Möbius was born in Eilenburg in Saxony. At the age of four he attended primary school at the Bergschule Eilenburg, and at the age of 12 he was sent by his father to train as a teacher. In 1844 he passed the exams with distinction and began working as teacher in Seesen, on the northwest edge of the Harz mountain range. In 1849, and encouraged by Alexander von Humboldt,  he began studying natural science and philosophy at Natural History Museum of Berlin. After he graduated, he taught from 1853 to 1868 zoology, botany, mineralogy, geography, physics, and chemistry at the Gelehrtenschule des Johanneums in Hamburg.

Oysters and ecology 

In 1863 he opened the first German sea water aquarium, in Hamburg. In 1868, shortly after passing his doctoral examination at the University of Halle, he was appointed Professor of Zoology at the University of Kiel and the director of the Zoological Museum. Marine animals were among his main research interests and his first comprehensive work on the fauna of the Kieler Bucht already emphasized ecological aspects (Die Fauna der Kieler Bucht, co-authored by Heinrich Adolph Meyer, and published in two volumes in 1865 and 1872, respectively). 

Between 1868 and 1870, Möbius was commissioned by the Ministry of Agricultural Affairs in Prussia to conduct research on the Bay of Kiel oyster beds. At the time, the oysters were being gathered from the natural beds and sold at expensive prices to the wealthy elite. Once the railroad was constructed and more opportunities for exportation arose, the demand for the oysters grew exponentially. In turn, the Ministry tasked Möbius with exploring the potential for further exploitation of the beds. Möbius's research resulted in two landmark publications: Über Austern- und Miesmuschelzucht und Hebung derselben an der norddeutschen Küste (1870, in English: On oyster and blue mussel farming in coastal areas of Northern Germany), and Die Auster und die Austernwirtschaft (in English: Oyster and oyster farming), in which he concluded that oyster farming was not a realistic option for Northern Germany. More importantly, he was first to describe in detail the interactions between the different organisms in the ecosystem of the oyster bank, coining the term "biocenose". This remains a key term in synecology (community ecology).

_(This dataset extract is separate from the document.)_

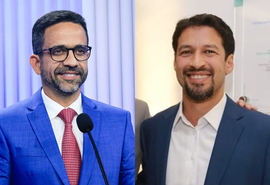 Desafio de Paulo e Rodrigo agora será levar eleitor para urna no próximo domingo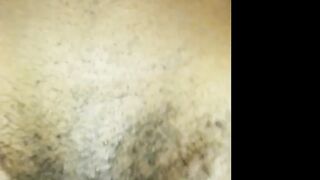 Ebony Street Prostitute Covered With Cum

In 1888 Möbius became the director of the Zoological Collections of the Natural History Museum of Berlin, and Professor of Systematic and Geographical Zoology at the Kaiser Wilhelm University, Berlin, where he taught until he retired in 1905, at the age of 80.

Throughout his career, Möbius supported educational institutions such as the Berlin Urania and efforts to spread knowledge about the natural sciences.

Among his students were Friedrich Junge and Friedrich Dahl.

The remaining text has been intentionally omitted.